The TTK research team is involved in developing high-throughput screening (HTS) methods that enables the identification of promising candidates of water-soluble redox-active compounds for experimental synthesis and electrochemical characterization. The focus is on bioinspired molecules derived from vitamins and amino acids, which are promising candidate compounds for novel redox flow batteries (RFBs). Our general strategy along these lines is to build an initial database for two basic quantities relevant to RFBs (redox potentials and aqueous solubilities), and utilize various machine learning techniques to provide efficient screening methodology applicable for a large and diverse set of molecules.
Molecular design via systematic variation of functional groups is the initial step in our approach. The molecular database is built in a combinatorial manner: We define various molecular frameworks and introduce substituents with broadly varying electronic and steric properties.

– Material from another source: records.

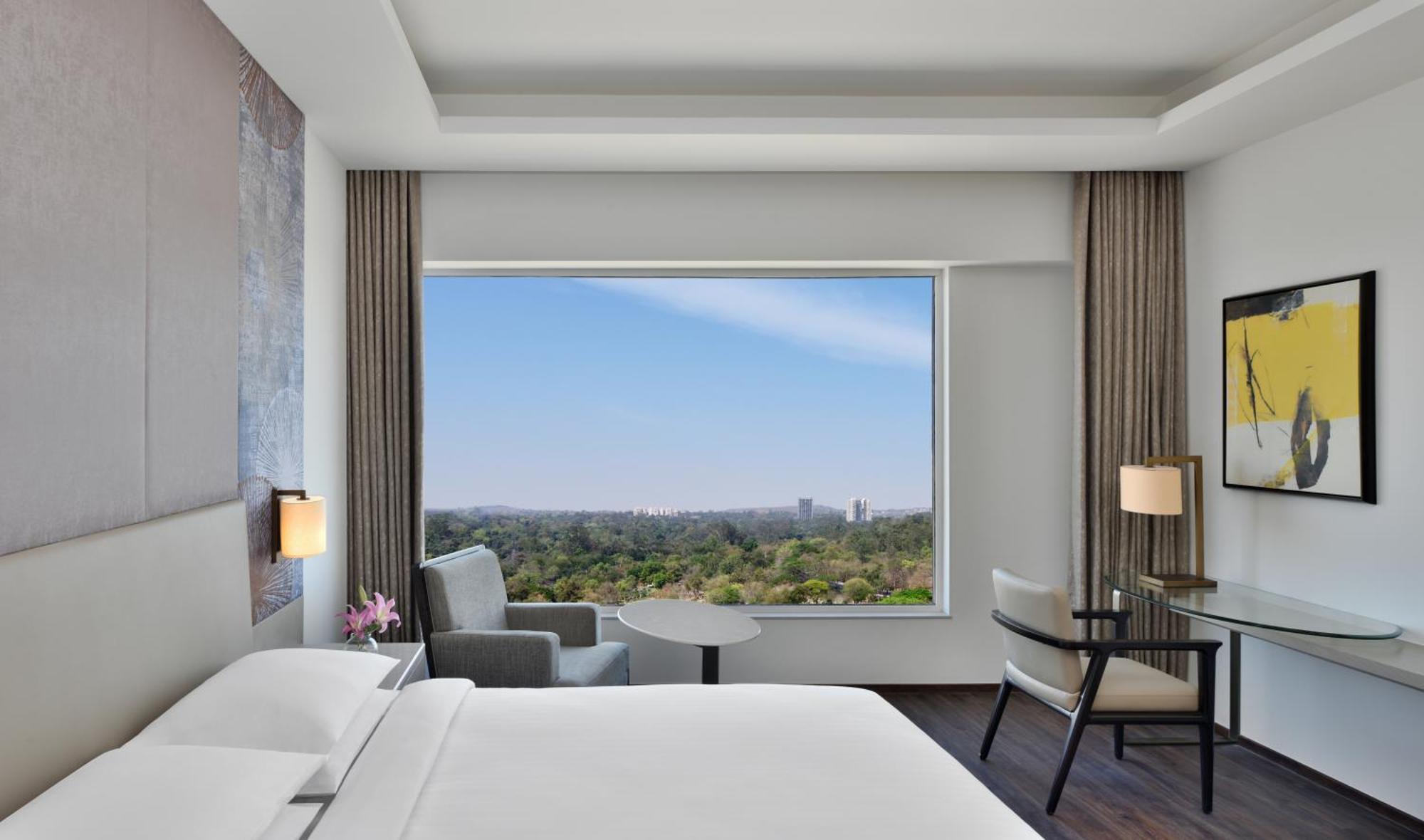Premium Guest room 1 King Executive Lounge Access 2 pieces laundry per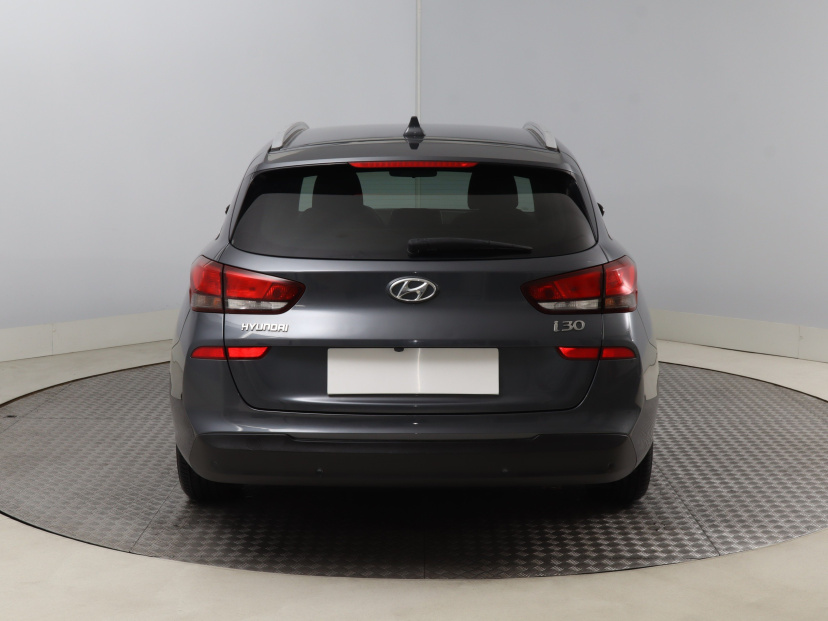 Hyundai i30, 2019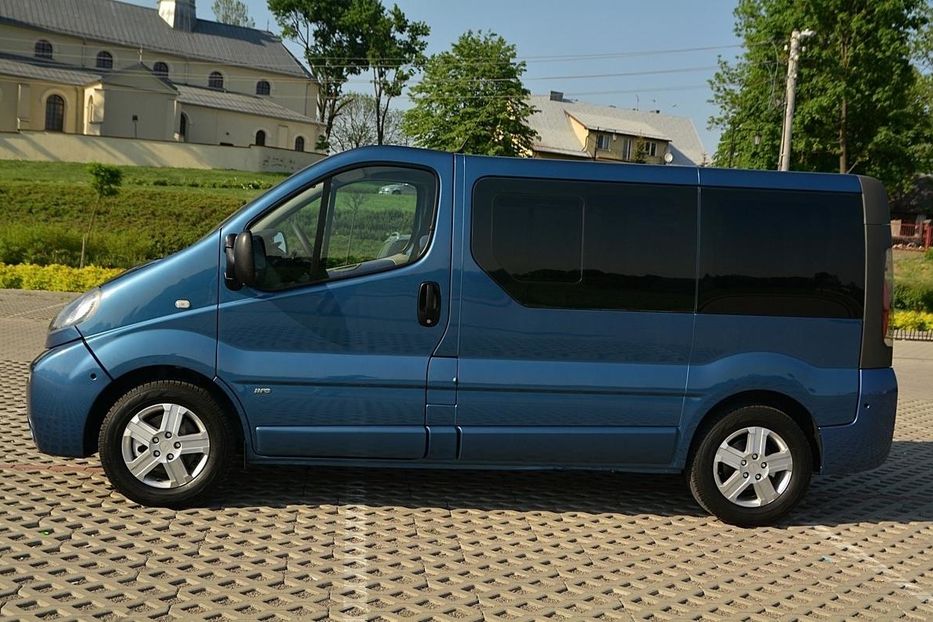 Продам Opel Vivaro пасс. 2006 года в Львове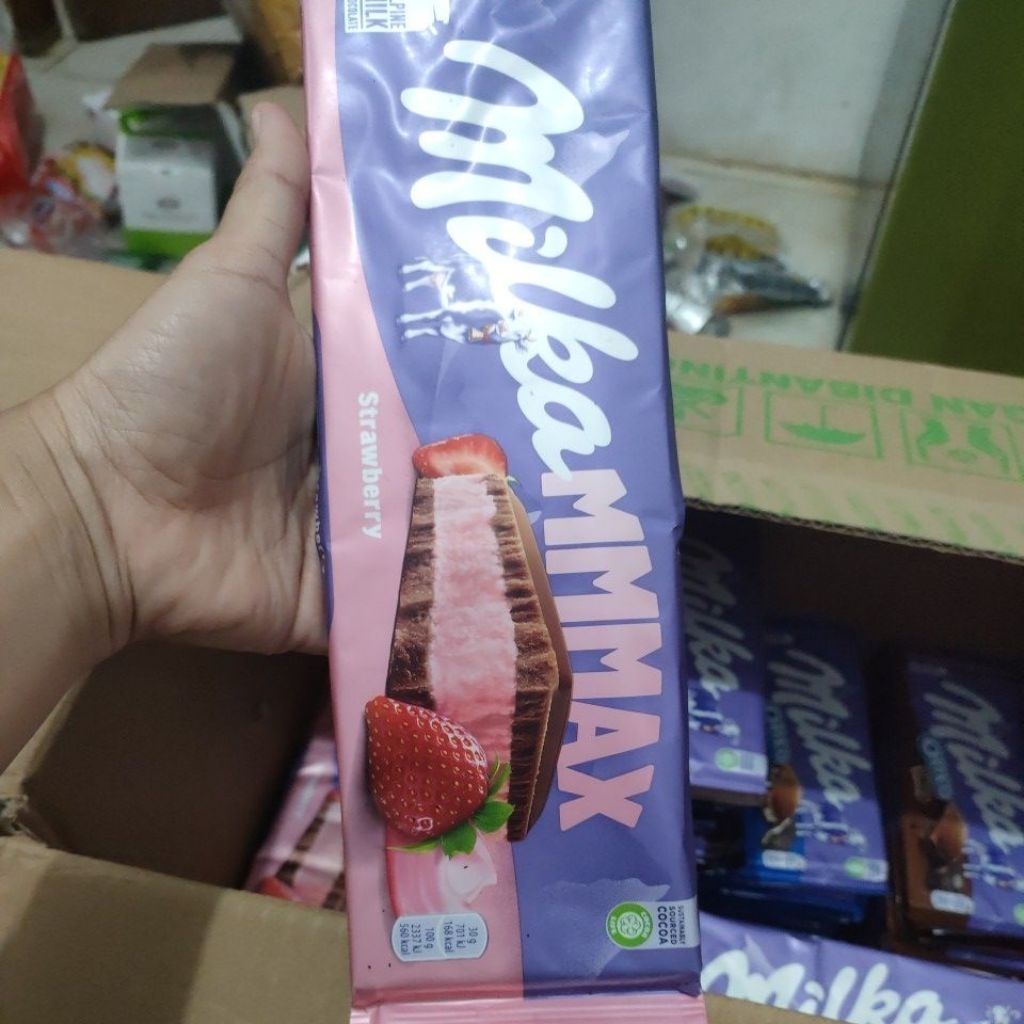 

coklat Milka strawberry jumbo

In our developed protocol, we first generate the 3D structures of the molecules, which is followed by an extensive conformational analysis to find the energetically most favored molecular structures.
The redox potentials and aqueous solubilities are computed via an efficient composite protocol that employs a combination of various modelling tools ranging from simple force-field methods to advanced quantum chemical calculations, but also including semiempirical computational methods. Accurate quantum chemical calculations represent the computationally most demanding step of our protocol. These calculations are carried out using density functional theory (DFT) and we use high-performance computer facilities to obtain accurate electronic structure data.
The developed molecular database is used to train and validate various machine learning approaches in the next phase of the project. The molecular library is then expanded iteratively in terms of the number of molecules, as well as the diversity of molecular frameworks. This procedure will thus result in a HTS tool that is applicable to a large set of redox-active compounds and will assist the discovery of new prospective candidates for next generation flow batteries.